[Stored entries]
=== Section Start ===

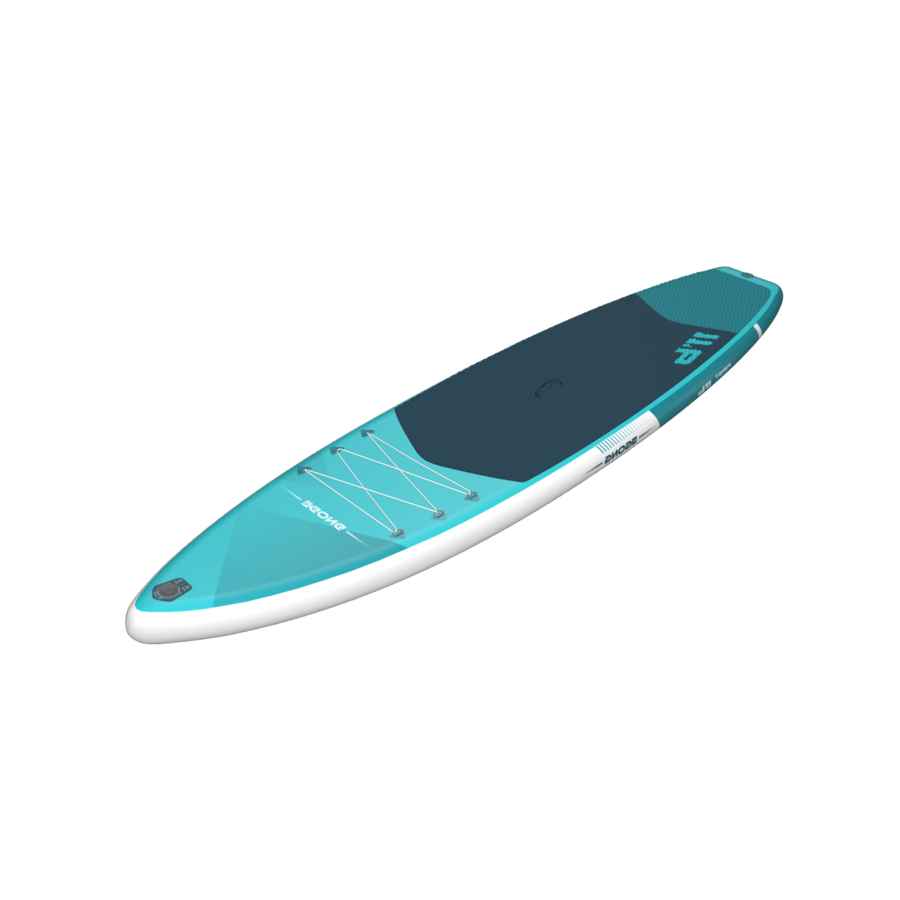 Surfplank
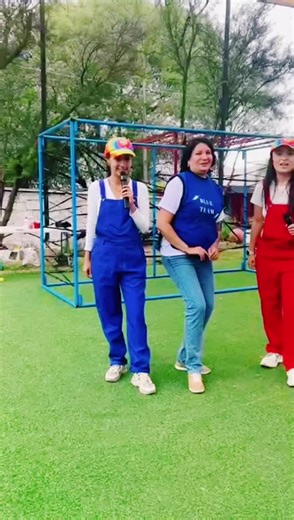 Cuentas recomendadas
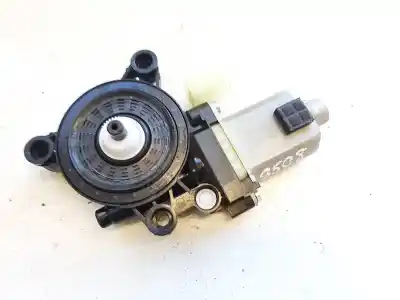 Автозапчасти б/у мотор заднего левого стекла за kia ev6 long range 2wd 2021--> 226 electric 77.4kwh 168kw ссылки oem iam 83450cv000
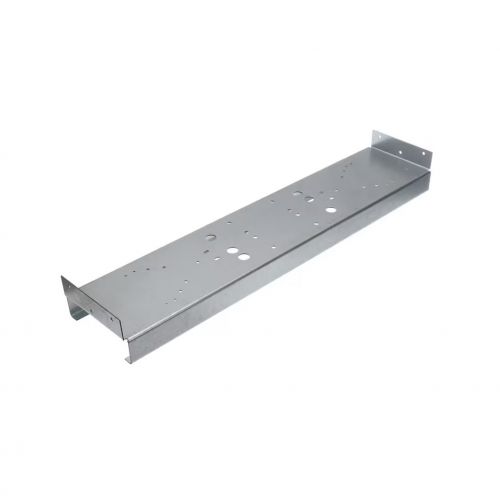 Heatcraft Refrigeration 40003201 Motor Rail LC Small 2F
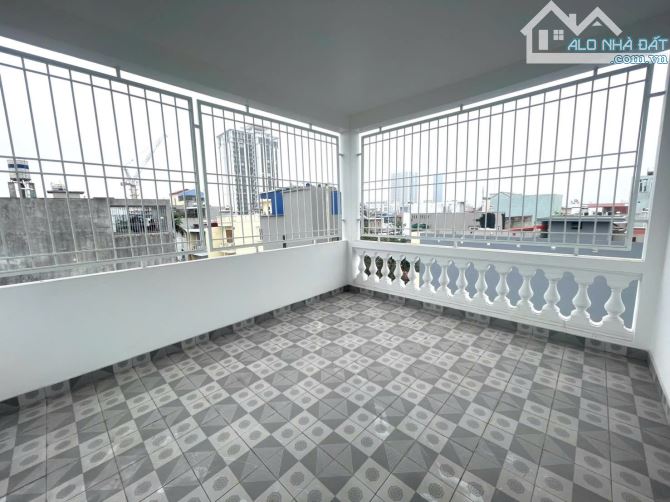 🏠🏠🏠Siêu phẩm nhà 3 tầng mặt đường Do Nha, Tân Tiến 75m kinh doanh buôn bán chỉ 4,5 tỷ - 9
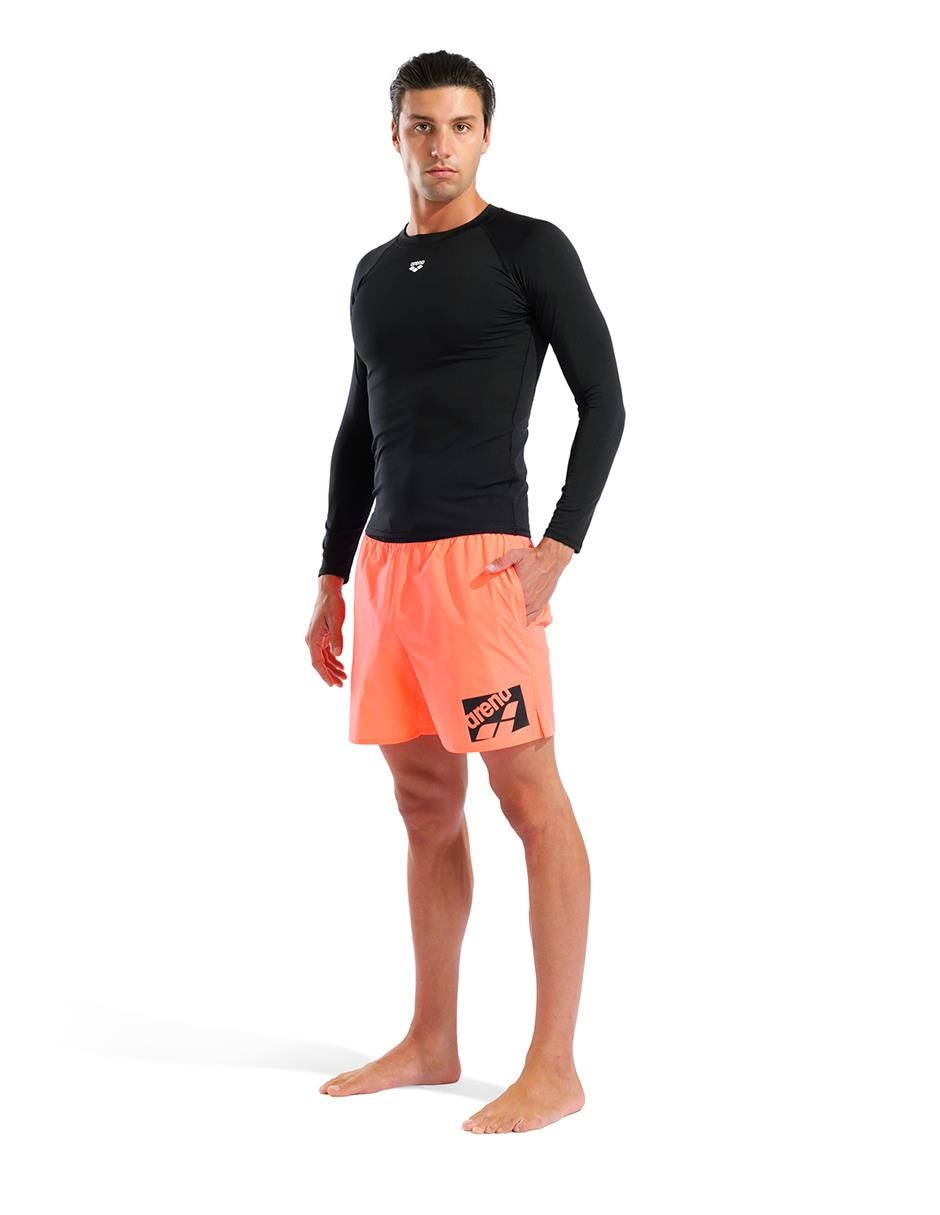 Wetshirt para hombre 3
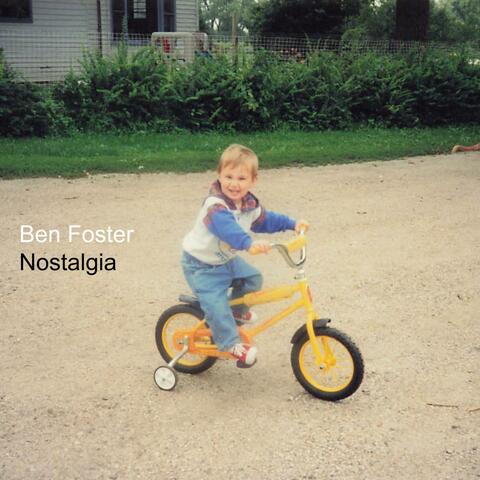 Nostalgia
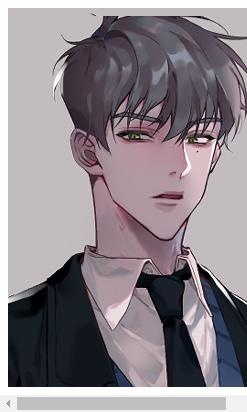 고고!!이천팔★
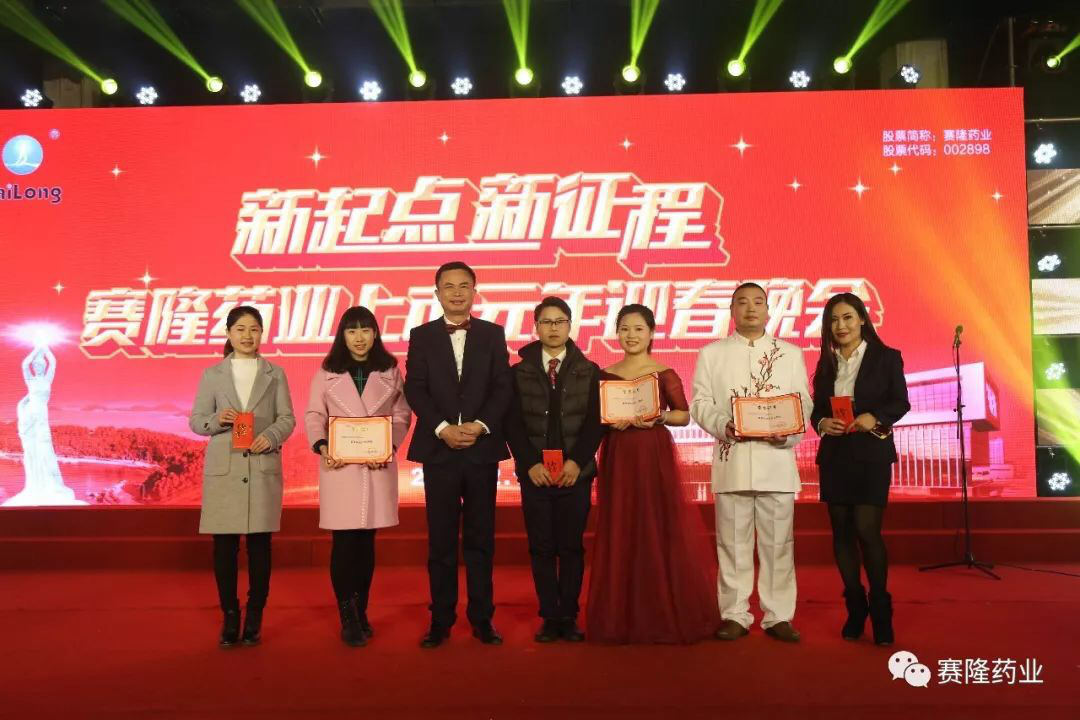 XKTY.COM-星空(中国)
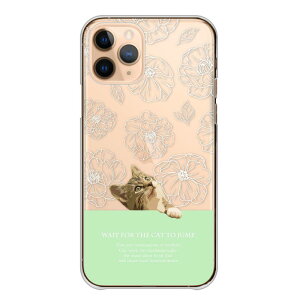 30%N[|ubNtCf[ GalaxyP[X MNV[P[X Galaxy A36 5G SC-54F A25 S25 Ultra A55 S24 MNV[ A36 S23 A54 Jo[ X}zP[X n[hP[X TX P[X L ˂ 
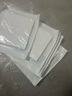 傷迪油紗條傷口敷料空腔傷口一次性無菌油紗布?jí)K填塞引流條醫(yī)用脫脂紗布條 油紗條無紡布款20包 曬單實(shí)拍圖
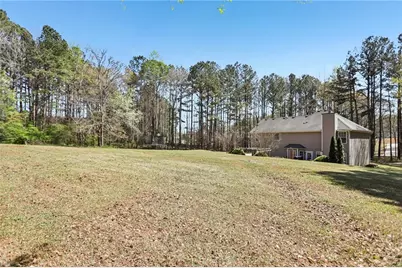 136 Hanes Creek Drive, Stockbridge, GA 30281 - Photo 36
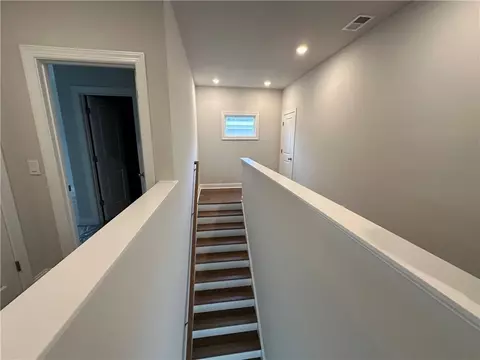 2963 Evanshire Ave, Duluth, GA 30096 photo 12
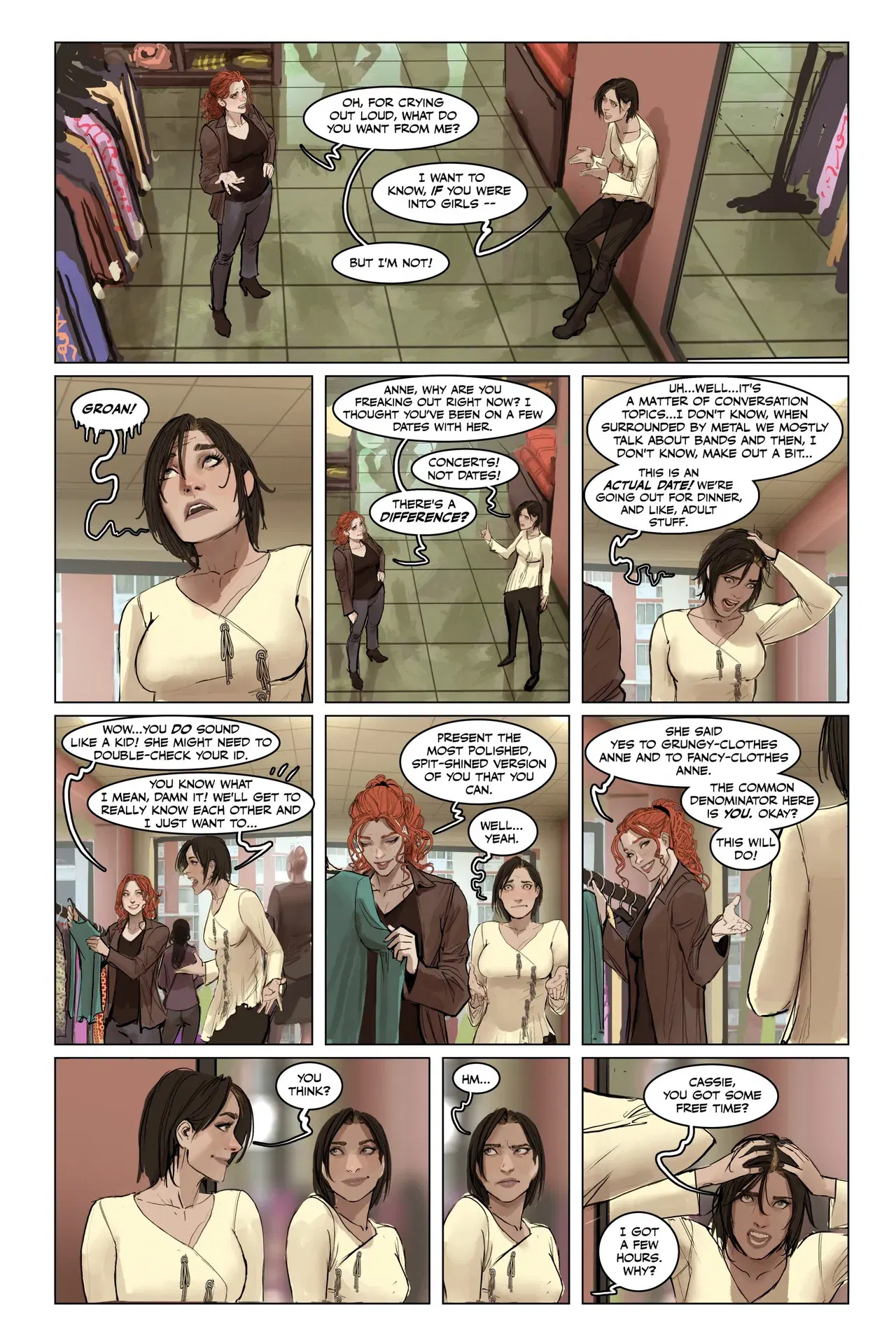 Image #133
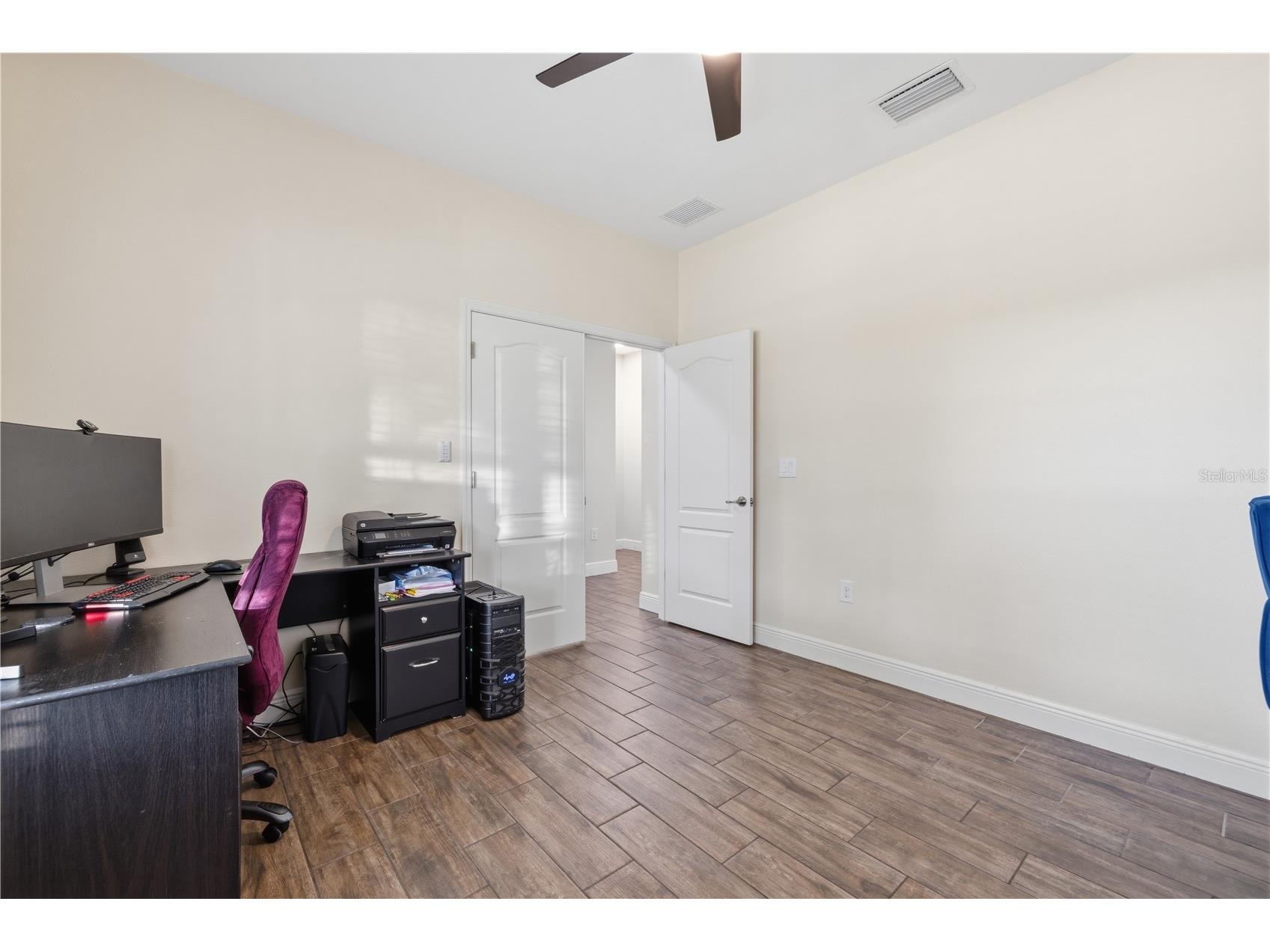 16804 Myrtle Hill Lane Parrish FL 34219 TB8485003 image15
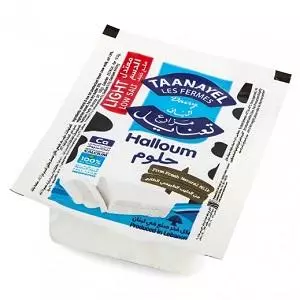 8651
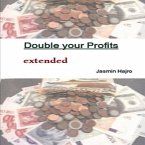 Double your profits (eBook, ePUB)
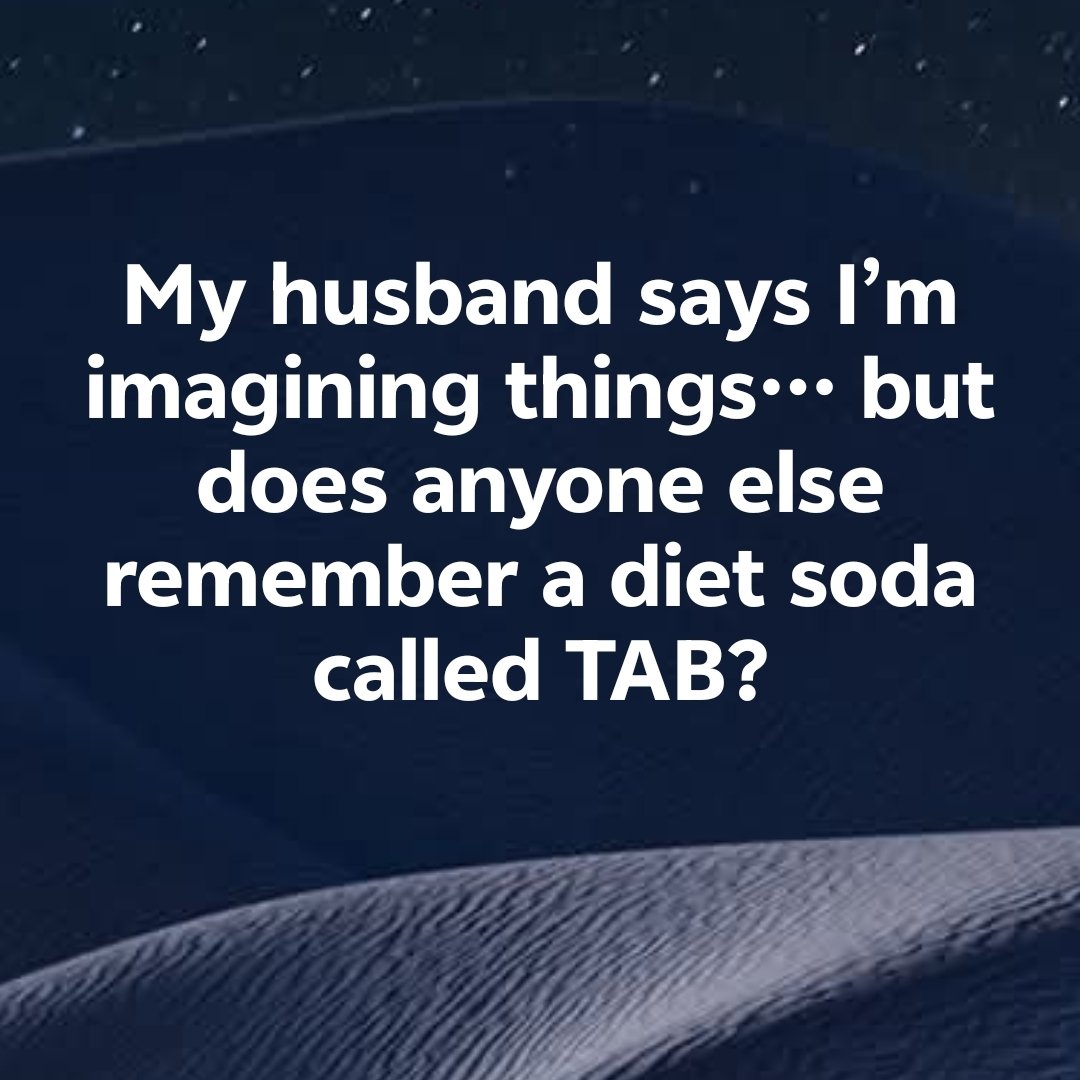 Kristina Bolten tweet media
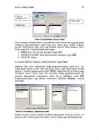 Microsoft access #35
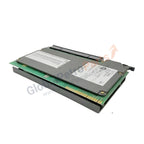 Allen-Bradley 1771-IMD/B 16-Channel AC Digital Input Module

=== Section End ===

_WHAT TO WORK ON_
What are the lines from the one containing "Kristina Bolten tweet media" through the end of the records? Write them out exactly, leaving out the pictures.

_ANSWER SPACE_
 Kristina Bolten tweet media
 Microsoft access #35
 Allen-Bradley 1771-IMD/B 16-Channel AC Digital Input Module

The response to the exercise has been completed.